The Texas Supreme Court stated that the eight-corners rule exists to determine whether or not a policy might apply to a claim, and therefore whether a duty to defend exists. Here, State Farm Lloyds agreed to defend the policyholders if “a claim is made or a suit is brought against an insured for damages because of bodily injury … to which this coverage applies.” To determine whether such a “claim” has been “made” or a “suit” has been “brought,” courts naturally look first to the claims made, to the suit brought. If the claim is “for damages because of bodily injury … to which coverage applies,” the duty to defend is implicated. The eight-corners rule merely acknowledges that, under many common duty-to-defend clauses, only the petition and the policy are relevant to the initial inquiry into whether the petition’s claim fits within the policy’s coverage. This is how Texas courts have long interpreted contractual duties to defend. Making the duty to defend and the duty to indemnify coextensive would negate long-standing case law holding that the duty to defend is broader than the duty to indemnify.

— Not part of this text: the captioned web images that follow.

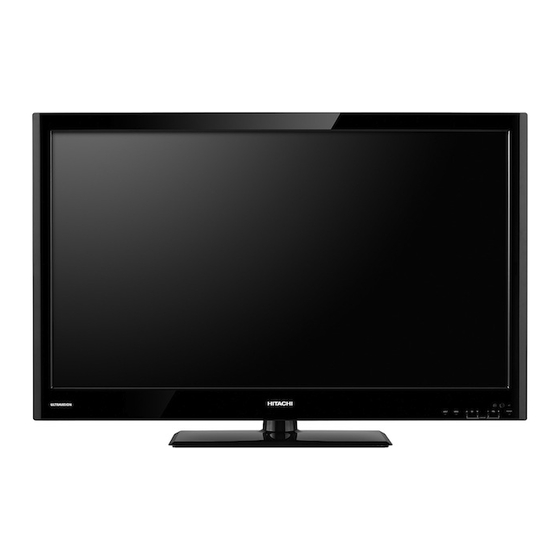 Hitachi LE42S704 Brochure & Specs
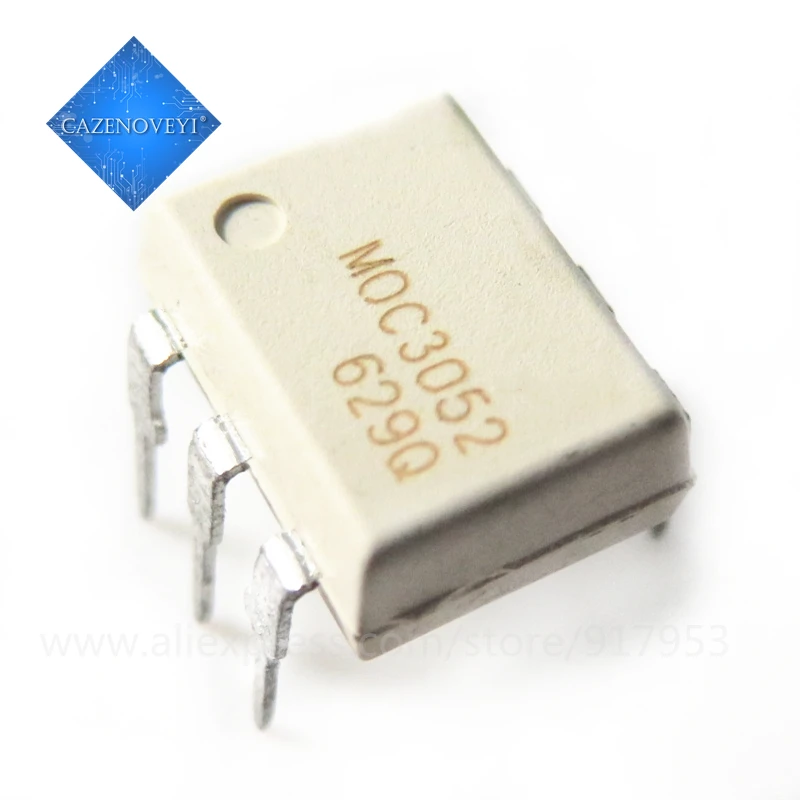 Good product (10piece) MOC3052 EL3052 SMD-6 new original IC Can provide image reference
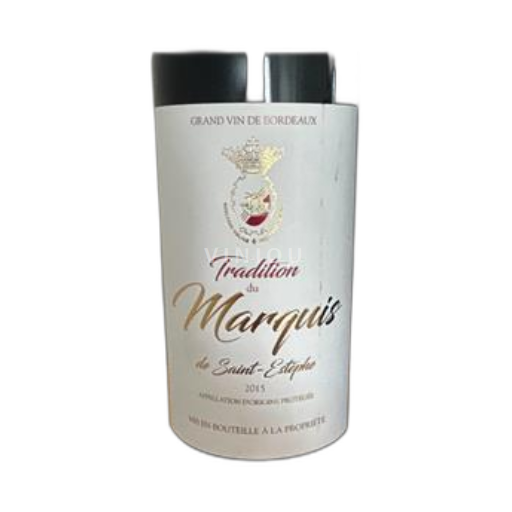 Bordeaux Saint-Estèphe Tradition du Marquis de Saint-Estèphe 2015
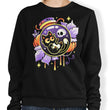 Halloween Bottled Kitten - Sweatshirt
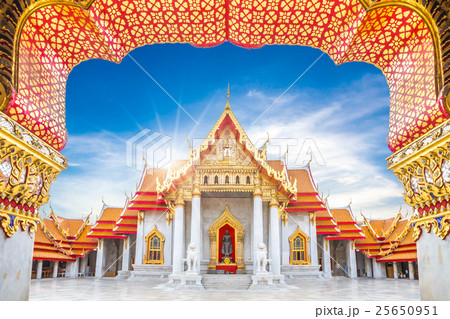 Marble Temple in Bangkok, Thailand Marble Temple in Bangkok, Thailand 25650951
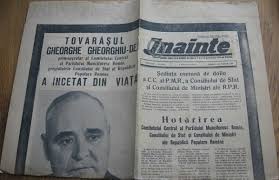 März 1965 in bukarest) war politiker und staatspräsident in rumänien. 53 De Ani De La Moartea Lui Gheorghe Gheorghiu Dej Omul Responsabil De Cele Mai Multe Crime Politice Din Sec Xx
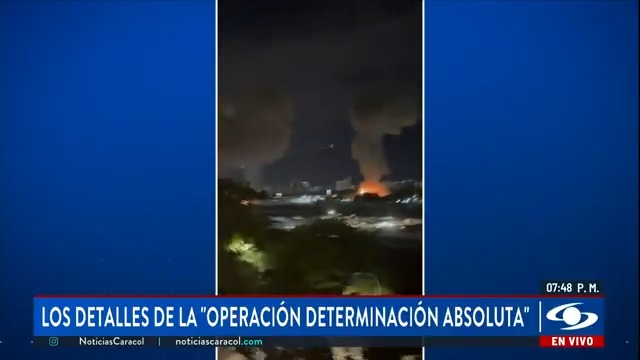 ¿Cómo se llevó a cabo la operación militar que Estados Unidos adelantó en Caracas, Venezuela, y que derivó en la captura de Nicolás Maduro y su esposa Cilia Flores? Estos son los detalles que entregó el gobierno de Donald Trump. Ampliación en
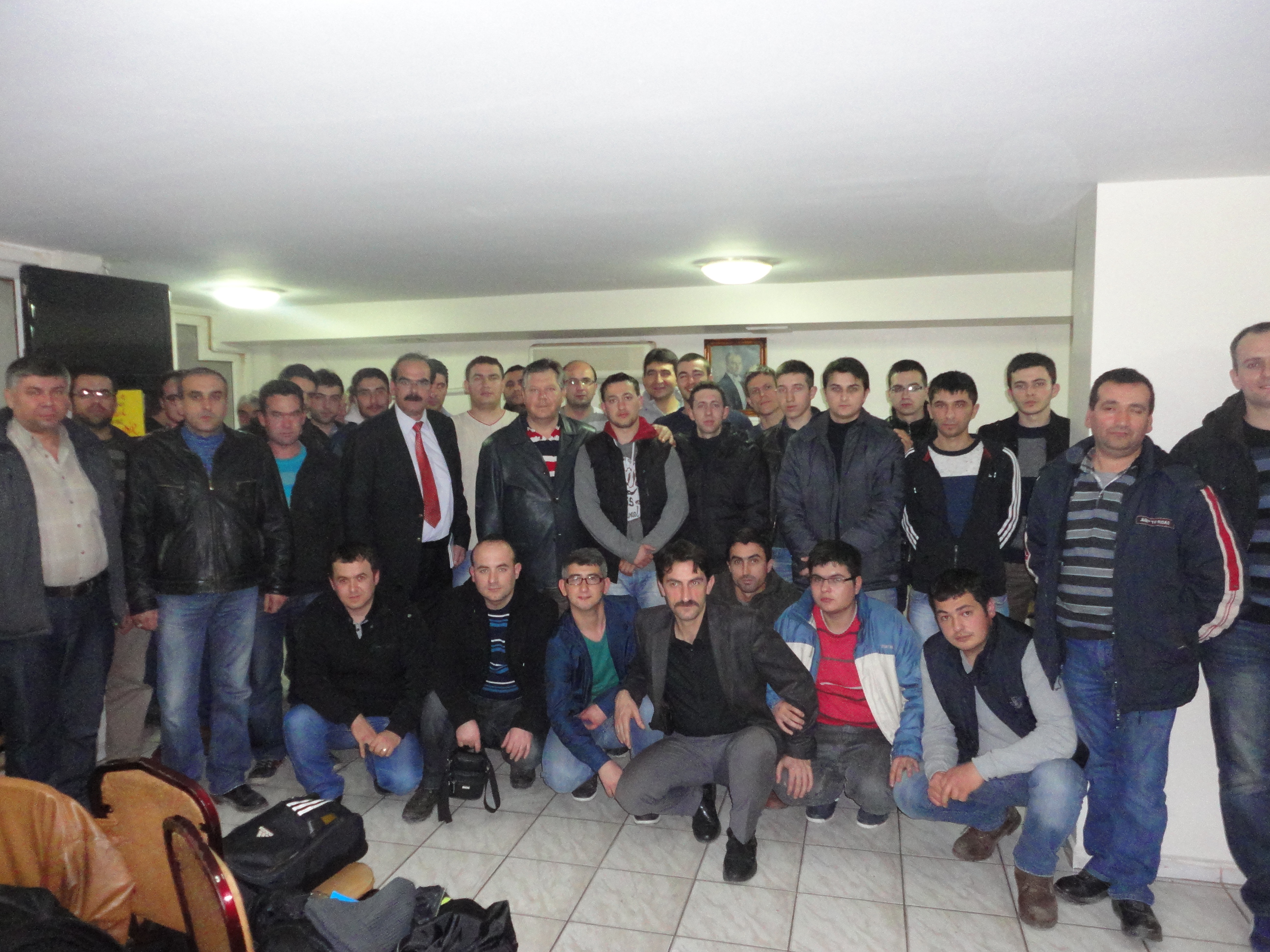 Bandırma Şubemizde Yeni Üyelerimiz ile Tanışma Toplantısı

The court acknowledged that insurance companies are able to contract around the -corners rule if they wish to do so, and stated that if any entity was both aware of the eight-corners rule and capable of drafting such a provision, it would be an entity such as State Farm Lloyds. Consequently, the court held that omission of the “groundless, false or fraudulent” language does not, by implication, negate the application of the eight-corners rule.
The Unanswered Question
The Texas Supreme Court limited its review of the case to the narrow certified question presented. The court recognized that federal district courts have considered extrinsic evidence bearing on the duty to defend when (as stated in the Fifth Circuit’s opinion) (1) “it is initially impossible to discern whether coverage is potentially implicated” and (2) “the extrinsic evidence goes solely to a fundamental issue of coverage which does not overlap with the merits of or engage the truth or falsity of any facts alleged in the underlying case.”1 Further, the court acknowledged that several Texas Courts of Appeal have adopted the Fifth Circuit’s approach or something similar and acknowledged the widespread use of this exception. However, the certified question from the Fifth Circuit did not request the court to address this alternate rationale for consideration of extrinsic evidence. Therefore, the court took pains to emphasize that the instant opinion should not be read as a comment on the validity, or lack thereof, of such an argument. Consequently, the Texas Supreme Court explicitly left open the question of whether extrinsic evidence could be used to defeat coverage in other circumstances.